An instructor helping students at the Spokane College of English Language in 2016
The Spokane College of English Language, a for-profit college that taught refugees and international students, closed its doors for good on May 31.
"The drop in student numbers over the last 12 months, especially the last 6 months, has made it impossible to maintain the college as a viable operation," says a note on the college's website
from Jim Clark, SCEL president.
Two years ago, enrollment was over 150 students. By the last day of class on Friday, May 26, only six students remained at the school, says Joshua Porter, SCEL director.
Porter says several factors contributed to the dip in enrollment, but perhaps most notably is a decline in scholarships from the Saudi Arabian Cultural Mission, which many students relied on to attend SCEL. This is a trend not only in Spokane, but across the nation. Colleges that had high numbers of Saudi Arabian students have been seeing those numbers drop
, as the Saudi government has tightened its requirements for its foreign scholarship program.
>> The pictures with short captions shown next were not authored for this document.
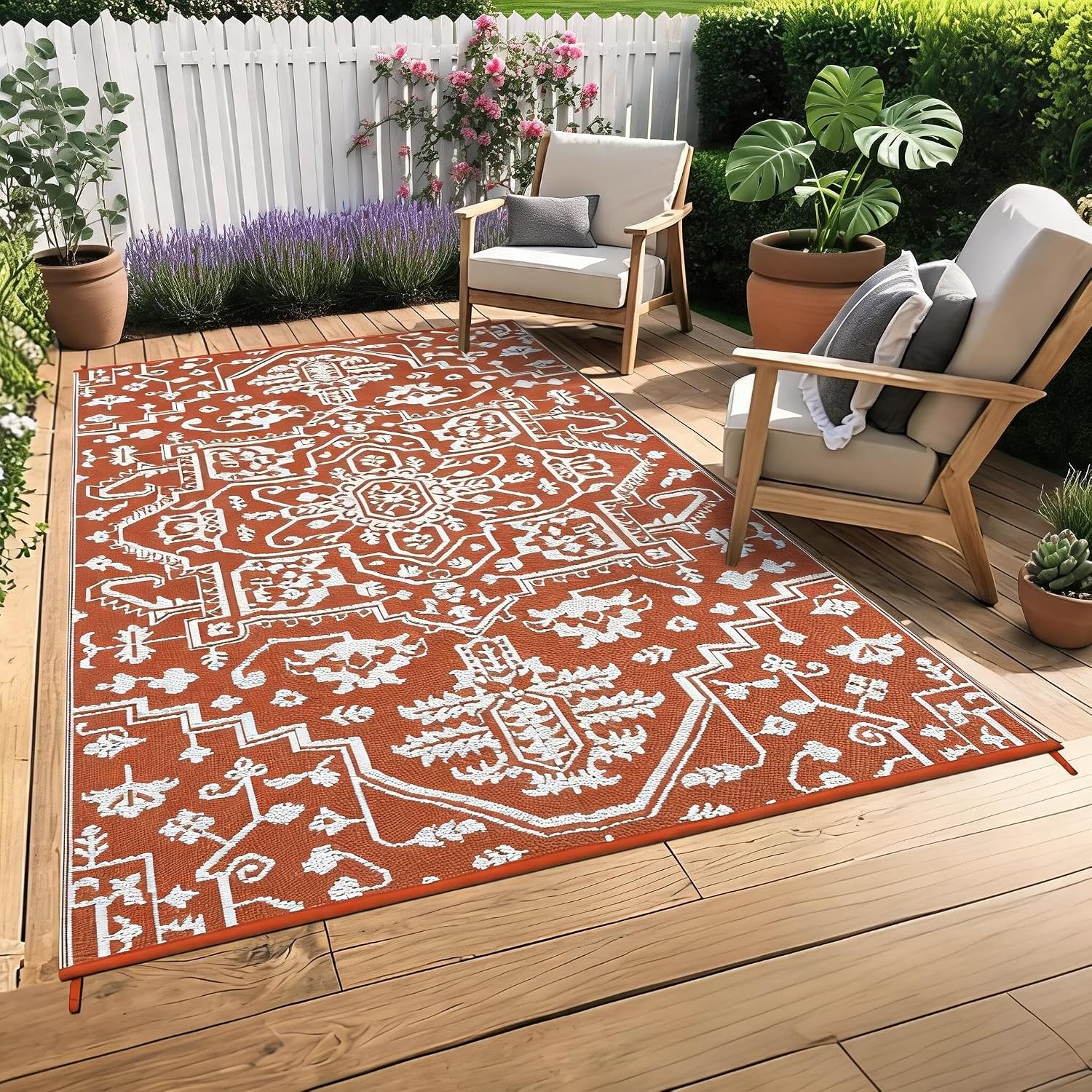 Garvee Outdoor Rug 6x9 Waterproof Patio Rugs Modern Line Geometric Reversible Mat for Front Door Rv Foldable Plastic Straw Carpet for Travel Trailers, Deck, Porch, Camper, Balcony, Beach，Green/White
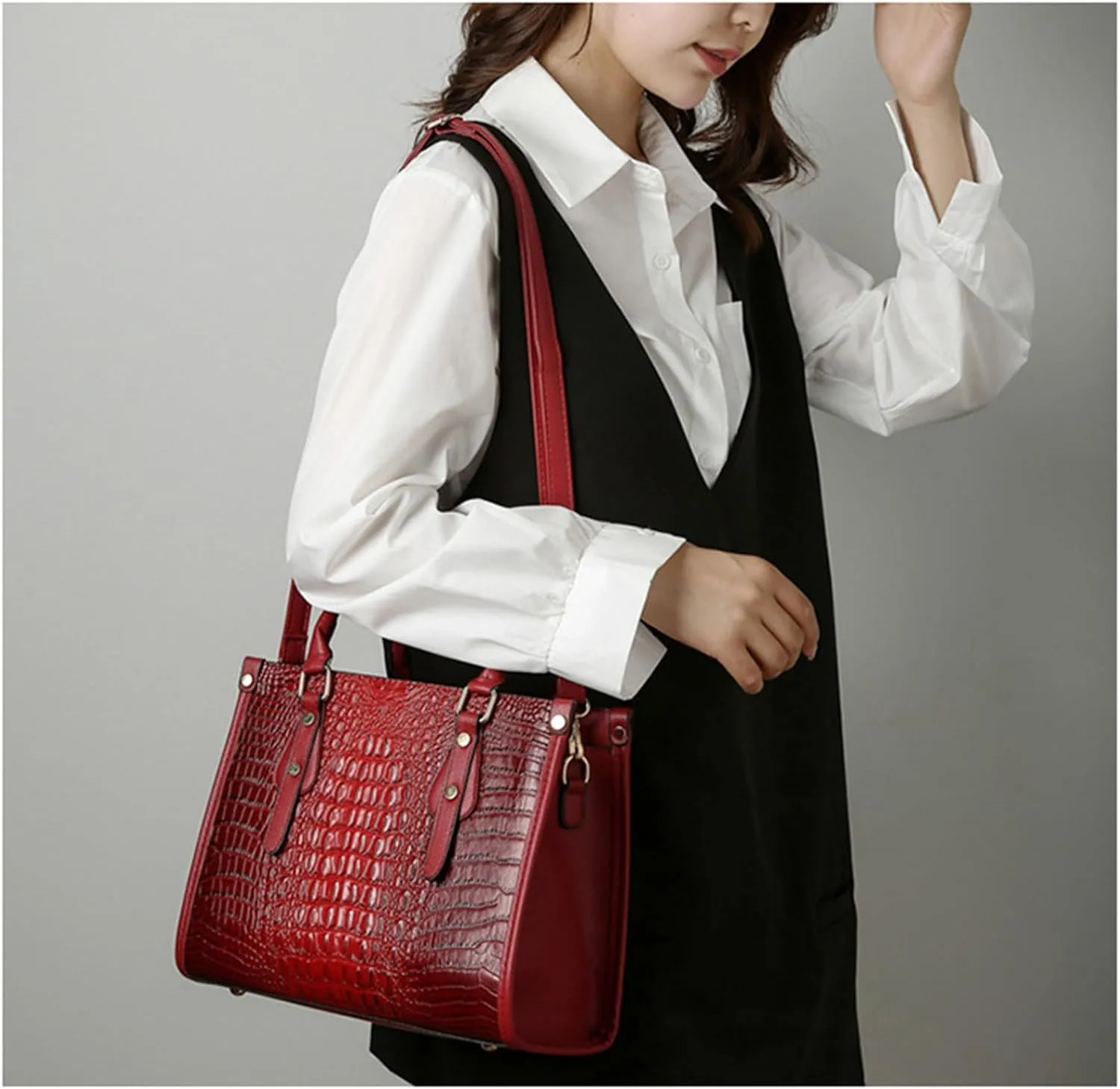 Ladies Satchel Purse Wallet Top Handle Tote Handbags Hobo Shoulder Bags Set 3pcs for women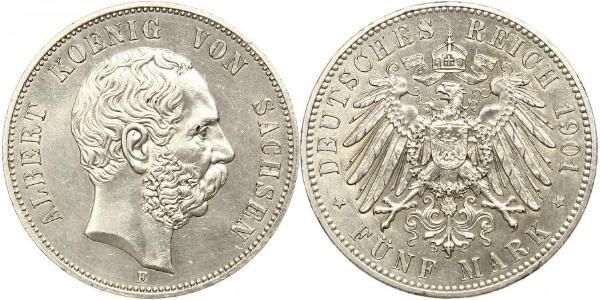 5 Mark 萨克森王国 (1806 - 1918) 銀 阿尔贝特 (萨克森)
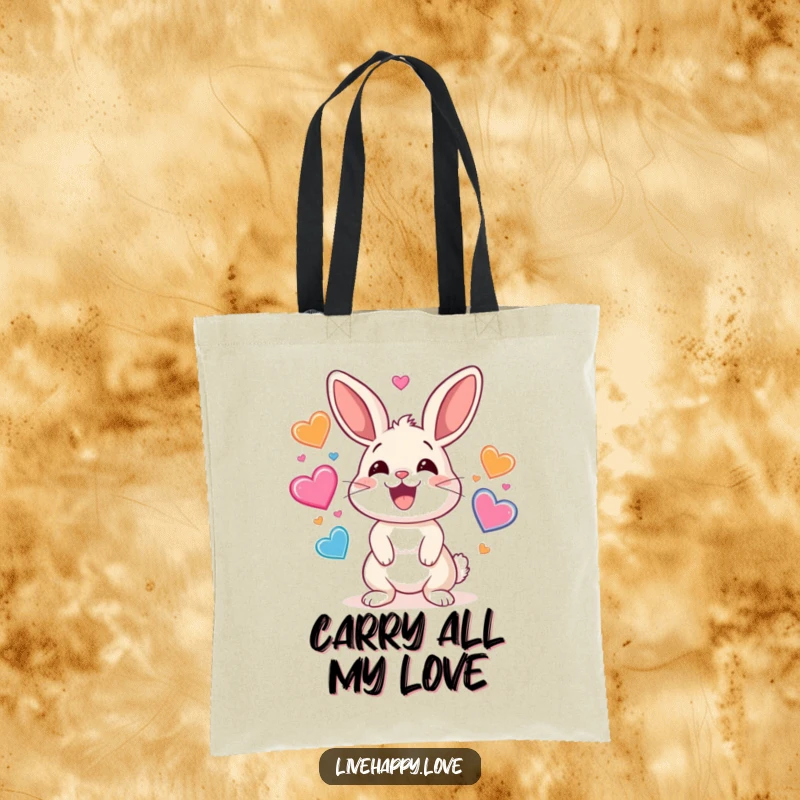 Funny tote bag with a grinning rabbit energetically juggling a vibrant assortment of colorful bouncing hearts, symbolizing abundant love.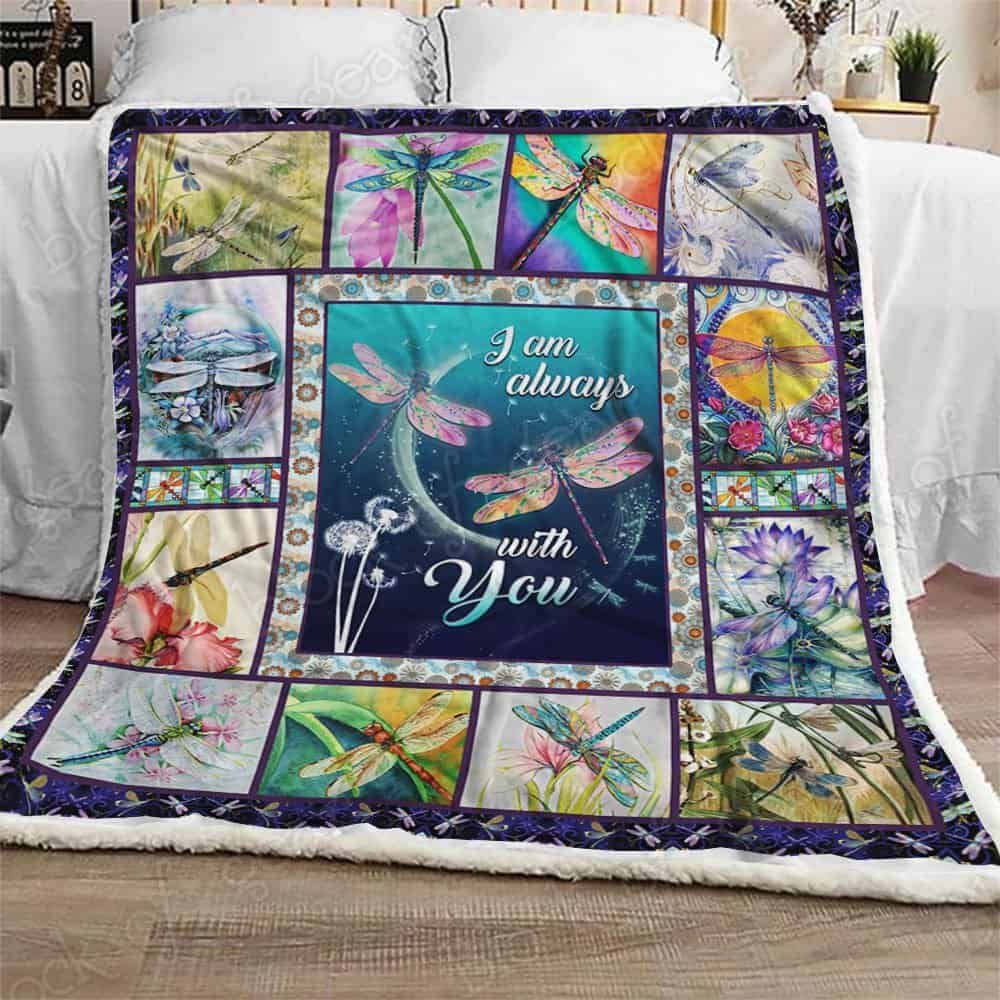 I Am Always With You Dragonfly Fleece Blanket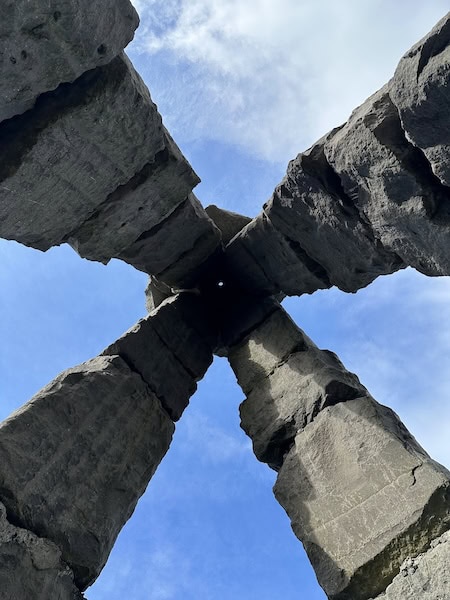 The engineering of the central pillar of the Artic Henge is impressive.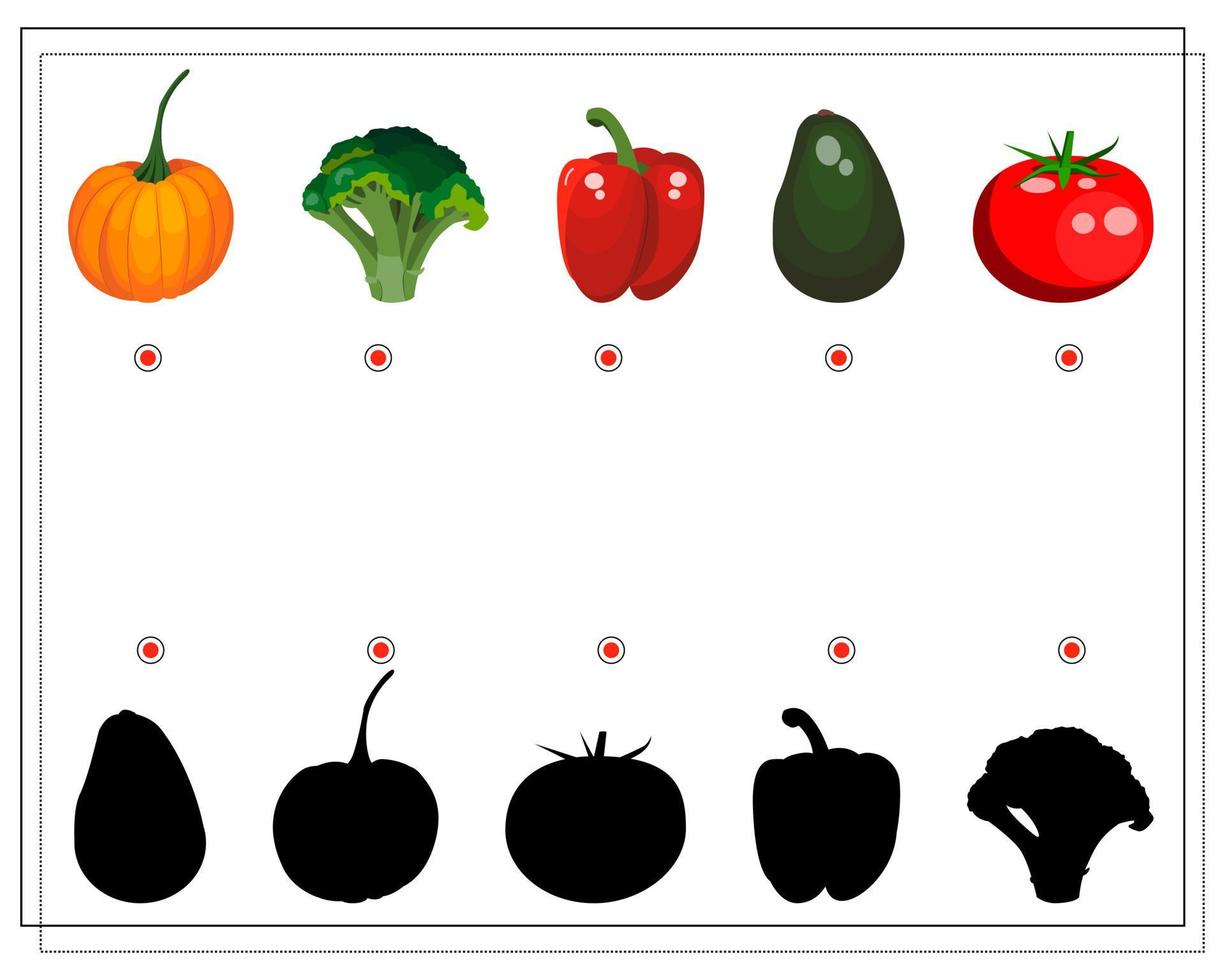 juego de rompecabezas para niños encuentra el tono correcto, verduras. vector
"The Saudi Arabian Cultural Mission was a big player in the international student game," Porter says.
The college, which was located in downtown Spokane, used online curricula that hundreds of other institutions across the world use as well. Some of it was developed right here in Spokane, Porter says. But Porter says the other institutions using the curricula are not shutting down. The Inlander wrote more in-depth about SCEL in this story last year
The students in Spokane won't be left without a place to learn, Porter says. Students who were green-card holders have been given options of other English as a Second Language programs in the area, including the program at Spokane Community College and at Gonzaga University. Other international students, who had a visa contingent upon being enrolled in a program, have already been enrolled in other programs with the help of SCEL. At least one student, however, elected to go back home to Saudi Arabia, Porter says.
"We're doing our best to guide them to smoothly transition to other academic programs in the area," Porter says.